Hi Jin,
I think that I always do your steps 3,4 in the opposite order: Restart
slurmctld, then slurmd on nodes:
> 3. Restart the slurmd on all nodes
> 4. Restart the slurmctld
Since you run a very old Slurm 15.08, perhaps you should upgrade 15.08
-> 16.05 -> 17.02. Soon there will be a 17.11. FYI: I wrote some notes
about upgrading:
https://wiki.fysik.dtu.dk/niflheim/Slurm_installation#upgrading-slurm
/Ole
On 10/23/2017 02:55 PM, JinSung Kang wrote:
Hi
Thanks everyone for your response. I have also tested my setup to remove
nodes from the cluster, and the same thing happens.

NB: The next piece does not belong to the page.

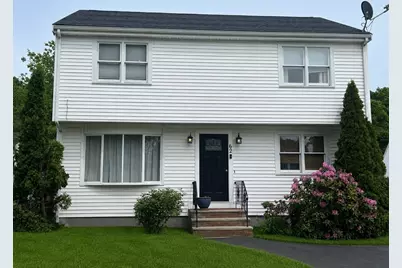 62 Brockton Avenue, Brockton, MA 02302 - Photo 1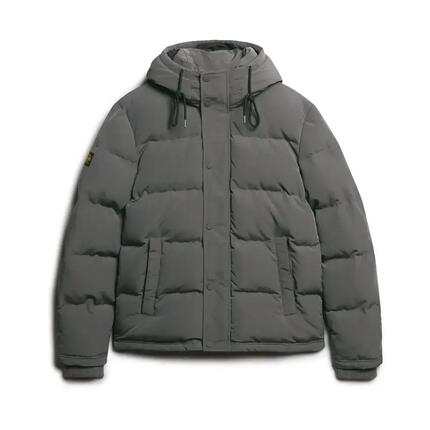 Doudoune à capuche Superdry Everest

*To answer some of the previous questions.*
"Node compute004 appears to have a different slurm.conf than the
slurmctld" error comes up when I replace slurm.conf in all the devices,
but it goes away when I restart slurmctld.
slurm version that I'm running is slurm 15.08.7
I've included the slurm.conf rather than slurmdbd.conf.
Cheers,
Jin
On Mon, Oct 23, 2017 at 8:25 AM Ole Holm Nielsen
<[email protected] <mailto:Ole.H.Nhttps://wiki.fysik.dtu.dk/niflheim/Slurm_installation#[email protected]>> wrote:
Hi Jin,
Your slurmctld.log says "Node compute004 appears to have a different
slurm.conf than the slurmctld" etc. This will happen if you didn't copy
correctly the slurm.conf to the nodes. Please correct this
potential error.
Also, please specify which version of Slurm you're running.
/Ole
On 10/22/2017 08:44 PM, JinSung Kang wrote:
> I am having trouble with adding new nodes into slurm cluster without
> killing the jobs that are currently running.
>
> Right now I
>
> 1. Update the slurm.conf and add a new node to it
> 2. Copy new slurm.conf to all the nodes,
> 3. Restart the slurmd on all nodes
> 4. Restart the slurmctld
>
> But when I restart slurmctld all the jobs that were currently running
> are requeued (Begin Time) as reason for not running. The new
added node
> works perfectly fine.
>
> I've included the slurm.conf. I've also included slurmctld.log output
> when I'm trying to add the new node.